Banner with cartoon images of flamingoes and the words "You want Flamingoes with That? as told by Jay Davis, founding director of CAMS

 

The story of how the flamingo came to be the symbol of CAMS is simple, but has interesting side turns and byways.

In the late 70s and early 80s, I was the operations manager for the Tandem Mirror Experiment (TMX) at LLNL. TMX was a very complicated plasma physics experiments. As a result, the experimental physics team and their engineering support staff often met Fridays for beer and pizza.

On one occasion, as we were wrapping up, I happened to remember that one of our number, Bear Hornady, an original CAMS staffer, was on vacation in the tropics, but was due home any day. I suggested that we decorate his home with something tropical so he'd feel comfortable on return. This suggestion lead to the pledge to go instantly to the hardware store and buy plastic flamingoes, the most suitable (and cheapest) object that we could think of.

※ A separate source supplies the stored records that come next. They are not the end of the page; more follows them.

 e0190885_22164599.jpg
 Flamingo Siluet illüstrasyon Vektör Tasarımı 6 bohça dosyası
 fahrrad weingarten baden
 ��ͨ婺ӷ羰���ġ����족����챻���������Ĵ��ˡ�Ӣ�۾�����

We drove down town, pillaged the store (flamingoes at that time came shrink wrapped in pairs) and happily formed up in line, checking out. Our bliss was occasionally interrupted by the shriek of a cashier who cried "Here comes another one!" as another of our party emerged from the aisles with package in hand.

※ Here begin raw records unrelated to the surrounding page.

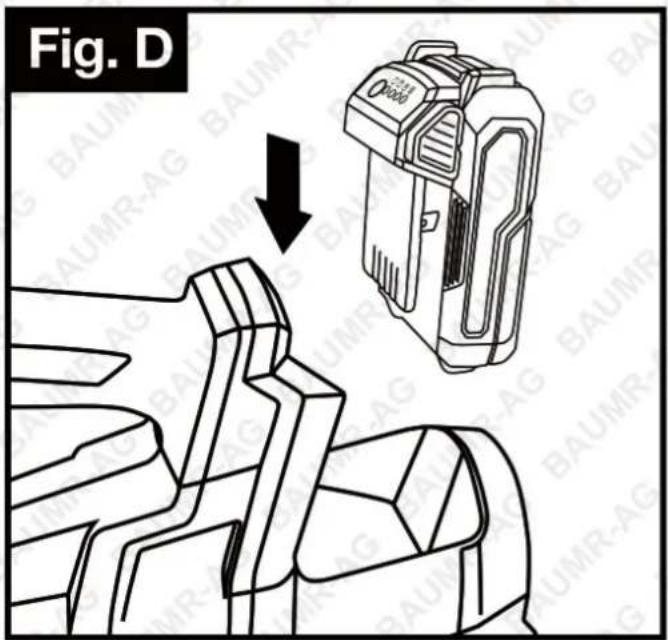 Fig. D
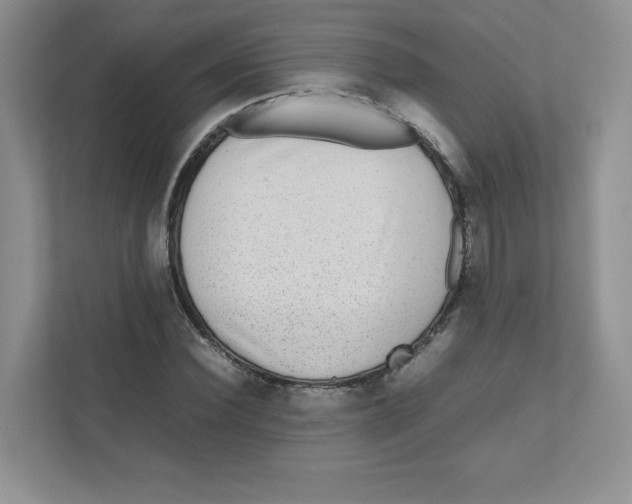 X0000111190924200907291200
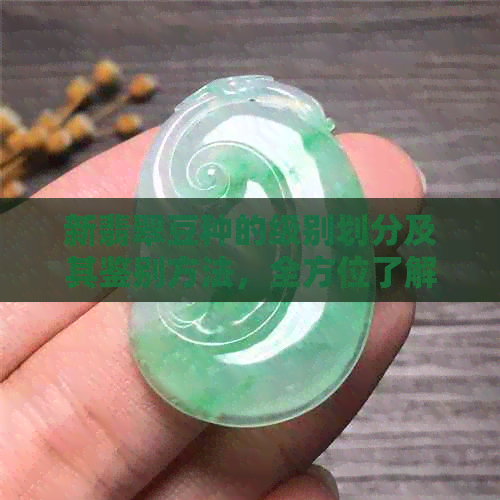 新翡翠豆种的级别划分及其鉴别方法，全方位了解翡翠豆种的品质和价值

We drove to Bear's house, put between 20 and 30 birds on the lawn, and pretty much forgot about it. A couple of days later, I got a call from Bear which began "I just guessed it would be easier to start with you." The birds (henceforth known as the flock) were promptly returned to me in a formal plastic garbage bag. They occasionally came out for appearances on others' lawns over the next few years until they mysteriously disappeared.

Several years later, when I began building what became CAMS, several of the TMX technical staff moved over with me. Their presence, plus our decision to use the TMX color scheme on the tandem lab, made it lots easier to take long term loan of equipment now not needed by the TMX experiment. I suppose an occasional flamingo came along. At the time it was not a big deal.

The joke really took off in July of 1991 when I returned from my first inspection tour in Iraq for the UN to find a flamingo wearing a burnoose perched on the CAMS sign outside our office trailer. I suppose that was the tipping point. CAMS had been set up as a pretty independent freewheeling group, so the pursuit of evermore examples of the ultimate symbol of kitsch and bad taste became obligatory. Every post doc returned from each conference trip with yet another example, clocks, dolls, wall hangings, garden ornaments, pillows, etc.

When I left LLNL to become the Director of the Defense Threat Reduction Agency, acquiring what dignity I could as head of a combat support agency, I imagined that the flamingoes were a thing of my past. In the summer of 1999, I traveled 1000 km. east of Moscow to visit the 35 members of my agency who manned the inspection portal around the SS-20 plant at Votkinsk. When I got to their compound, I found it decorated with flamingoes. I don't know if my military crew had researched my past and the birds were there for me as a gag, or if they just expressed the usual American desire for expressing the improbable and irreverent. In either case, they were a welcome sight. I suppose CAMS is stuck with this symbol in any likely future.